> **Description of the task**: Set down, please, exactly the lines below that run from the line with "Profile image of ふわ" to the line with "Nike Swim Breaker", both lines included.

> **Input data**:
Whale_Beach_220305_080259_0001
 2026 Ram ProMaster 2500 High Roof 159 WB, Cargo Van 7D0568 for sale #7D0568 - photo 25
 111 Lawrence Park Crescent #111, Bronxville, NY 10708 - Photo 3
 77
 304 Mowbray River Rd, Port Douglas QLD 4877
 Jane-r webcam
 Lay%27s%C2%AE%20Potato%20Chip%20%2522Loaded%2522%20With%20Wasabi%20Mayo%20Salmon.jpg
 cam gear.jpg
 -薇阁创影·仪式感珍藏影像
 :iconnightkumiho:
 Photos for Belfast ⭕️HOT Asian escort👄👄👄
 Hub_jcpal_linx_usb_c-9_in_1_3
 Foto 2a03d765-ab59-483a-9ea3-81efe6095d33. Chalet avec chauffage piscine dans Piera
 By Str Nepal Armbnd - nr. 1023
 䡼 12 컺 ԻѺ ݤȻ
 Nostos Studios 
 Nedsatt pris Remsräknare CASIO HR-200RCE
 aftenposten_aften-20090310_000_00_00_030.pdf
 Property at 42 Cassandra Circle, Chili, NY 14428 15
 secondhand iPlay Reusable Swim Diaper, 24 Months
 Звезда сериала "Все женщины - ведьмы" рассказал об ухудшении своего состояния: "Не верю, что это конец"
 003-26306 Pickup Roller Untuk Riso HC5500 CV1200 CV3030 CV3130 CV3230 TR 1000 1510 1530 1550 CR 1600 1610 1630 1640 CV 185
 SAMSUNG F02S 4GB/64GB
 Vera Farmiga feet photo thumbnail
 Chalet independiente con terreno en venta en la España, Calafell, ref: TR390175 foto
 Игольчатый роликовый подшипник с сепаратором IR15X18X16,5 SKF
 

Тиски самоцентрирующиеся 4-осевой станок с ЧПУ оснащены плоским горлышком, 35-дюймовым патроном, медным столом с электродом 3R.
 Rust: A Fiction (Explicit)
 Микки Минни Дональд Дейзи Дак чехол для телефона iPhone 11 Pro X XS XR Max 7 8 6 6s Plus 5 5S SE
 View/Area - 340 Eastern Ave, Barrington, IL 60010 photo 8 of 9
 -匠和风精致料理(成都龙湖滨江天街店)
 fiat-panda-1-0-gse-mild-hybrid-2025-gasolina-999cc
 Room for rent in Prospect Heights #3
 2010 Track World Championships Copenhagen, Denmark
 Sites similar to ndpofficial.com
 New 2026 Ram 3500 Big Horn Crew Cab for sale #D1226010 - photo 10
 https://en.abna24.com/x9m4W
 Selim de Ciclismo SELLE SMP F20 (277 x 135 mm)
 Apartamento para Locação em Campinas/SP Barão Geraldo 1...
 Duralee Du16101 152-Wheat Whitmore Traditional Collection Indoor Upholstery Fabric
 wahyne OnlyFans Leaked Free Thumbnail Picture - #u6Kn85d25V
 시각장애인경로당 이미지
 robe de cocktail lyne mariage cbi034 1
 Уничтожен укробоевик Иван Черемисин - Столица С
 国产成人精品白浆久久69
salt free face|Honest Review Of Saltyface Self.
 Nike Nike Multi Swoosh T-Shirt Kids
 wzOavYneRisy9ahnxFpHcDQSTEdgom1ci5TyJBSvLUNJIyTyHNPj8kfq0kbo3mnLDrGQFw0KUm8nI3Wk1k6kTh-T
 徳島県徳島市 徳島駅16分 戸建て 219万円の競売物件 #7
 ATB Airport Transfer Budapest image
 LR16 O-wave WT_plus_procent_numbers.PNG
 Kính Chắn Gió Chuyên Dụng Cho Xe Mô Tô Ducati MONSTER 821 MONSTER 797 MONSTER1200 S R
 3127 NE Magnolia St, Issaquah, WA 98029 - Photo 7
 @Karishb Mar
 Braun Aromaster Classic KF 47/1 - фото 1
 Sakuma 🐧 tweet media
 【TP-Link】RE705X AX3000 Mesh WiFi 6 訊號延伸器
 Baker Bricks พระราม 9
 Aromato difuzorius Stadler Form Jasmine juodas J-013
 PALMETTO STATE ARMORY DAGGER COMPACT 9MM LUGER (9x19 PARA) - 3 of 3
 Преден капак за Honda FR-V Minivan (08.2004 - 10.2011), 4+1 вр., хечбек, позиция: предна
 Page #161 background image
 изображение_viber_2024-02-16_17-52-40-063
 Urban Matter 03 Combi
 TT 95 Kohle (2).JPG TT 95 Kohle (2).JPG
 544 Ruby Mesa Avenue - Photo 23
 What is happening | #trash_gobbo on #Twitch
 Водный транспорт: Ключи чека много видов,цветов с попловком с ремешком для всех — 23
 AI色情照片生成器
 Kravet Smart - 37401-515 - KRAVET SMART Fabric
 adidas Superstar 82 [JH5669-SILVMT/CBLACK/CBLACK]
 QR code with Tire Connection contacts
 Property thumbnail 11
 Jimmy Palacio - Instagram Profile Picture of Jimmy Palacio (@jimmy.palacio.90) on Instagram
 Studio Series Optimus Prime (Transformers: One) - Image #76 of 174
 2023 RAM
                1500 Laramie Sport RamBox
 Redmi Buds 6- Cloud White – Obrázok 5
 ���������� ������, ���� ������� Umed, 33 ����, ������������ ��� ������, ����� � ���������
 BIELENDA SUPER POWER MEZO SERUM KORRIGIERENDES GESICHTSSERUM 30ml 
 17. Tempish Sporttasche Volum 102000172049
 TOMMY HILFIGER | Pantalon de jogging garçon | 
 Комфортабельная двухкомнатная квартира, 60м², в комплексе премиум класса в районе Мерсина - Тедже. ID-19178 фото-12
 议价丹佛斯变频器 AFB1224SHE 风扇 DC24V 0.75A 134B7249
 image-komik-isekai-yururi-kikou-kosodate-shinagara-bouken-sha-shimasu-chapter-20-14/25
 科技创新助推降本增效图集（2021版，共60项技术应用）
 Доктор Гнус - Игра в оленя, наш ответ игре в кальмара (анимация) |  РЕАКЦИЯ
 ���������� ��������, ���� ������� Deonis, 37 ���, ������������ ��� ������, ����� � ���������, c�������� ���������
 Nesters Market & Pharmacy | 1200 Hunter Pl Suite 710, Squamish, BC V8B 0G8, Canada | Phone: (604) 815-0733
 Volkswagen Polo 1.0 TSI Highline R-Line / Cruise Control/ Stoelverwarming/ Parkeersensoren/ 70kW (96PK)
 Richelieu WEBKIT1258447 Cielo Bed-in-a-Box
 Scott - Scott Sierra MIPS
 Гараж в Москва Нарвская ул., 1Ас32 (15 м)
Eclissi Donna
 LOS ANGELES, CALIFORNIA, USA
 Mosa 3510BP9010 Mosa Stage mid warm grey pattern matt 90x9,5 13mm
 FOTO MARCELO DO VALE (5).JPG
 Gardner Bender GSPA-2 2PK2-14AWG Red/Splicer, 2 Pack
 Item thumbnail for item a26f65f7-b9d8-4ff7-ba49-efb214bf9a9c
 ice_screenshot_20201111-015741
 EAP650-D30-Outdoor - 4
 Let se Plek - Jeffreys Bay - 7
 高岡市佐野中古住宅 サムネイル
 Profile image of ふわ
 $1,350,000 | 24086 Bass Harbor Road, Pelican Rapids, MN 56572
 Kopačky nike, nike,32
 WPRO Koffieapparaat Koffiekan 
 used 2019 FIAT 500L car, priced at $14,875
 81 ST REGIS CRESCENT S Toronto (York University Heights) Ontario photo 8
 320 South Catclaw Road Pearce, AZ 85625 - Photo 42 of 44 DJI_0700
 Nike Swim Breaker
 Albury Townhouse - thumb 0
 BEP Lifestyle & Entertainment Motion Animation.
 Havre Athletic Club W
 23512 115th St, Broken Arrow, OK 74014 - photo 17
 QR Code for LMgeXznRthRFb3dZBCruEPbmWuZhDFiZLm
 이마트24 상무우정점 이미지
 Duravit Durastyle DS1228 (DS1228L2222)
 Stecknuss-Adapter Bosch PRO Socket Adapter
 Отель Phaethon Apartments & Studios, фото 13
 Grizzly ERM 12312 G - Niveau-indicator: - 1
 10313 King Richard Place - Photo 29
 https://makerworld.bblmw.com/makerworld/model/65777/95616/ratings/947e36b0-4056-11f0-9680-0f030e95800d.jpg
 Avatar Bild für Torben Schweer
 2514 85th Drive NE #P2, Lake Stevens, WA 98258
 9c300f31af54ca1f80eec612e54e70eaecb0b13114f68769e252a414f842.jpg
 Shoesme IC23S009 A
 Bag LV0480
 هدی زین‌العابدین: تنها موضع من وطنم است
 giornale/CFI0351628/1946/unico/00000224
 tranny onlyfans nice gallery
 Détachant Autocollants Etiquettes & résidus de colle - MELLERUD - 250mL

> **Response**:
 Profile image of ふわ
 $1,350,000 | 24086 Bass Harbor Road, Pelican Rapids, MN 56572
 Kopačky nike, nike,32
 WPRO Koffieapparaat Koffiekan 
 used 2019 FIAT 500L car, priced at $14,875
 81 ST REGIS CRESCENT S Toronto (York University Heights) Ontario photo 8
 320 South Catclaw Road Pearce, AZ 85625 - Photo 42 of 44 DJI_0700
 Nike Swim Breaker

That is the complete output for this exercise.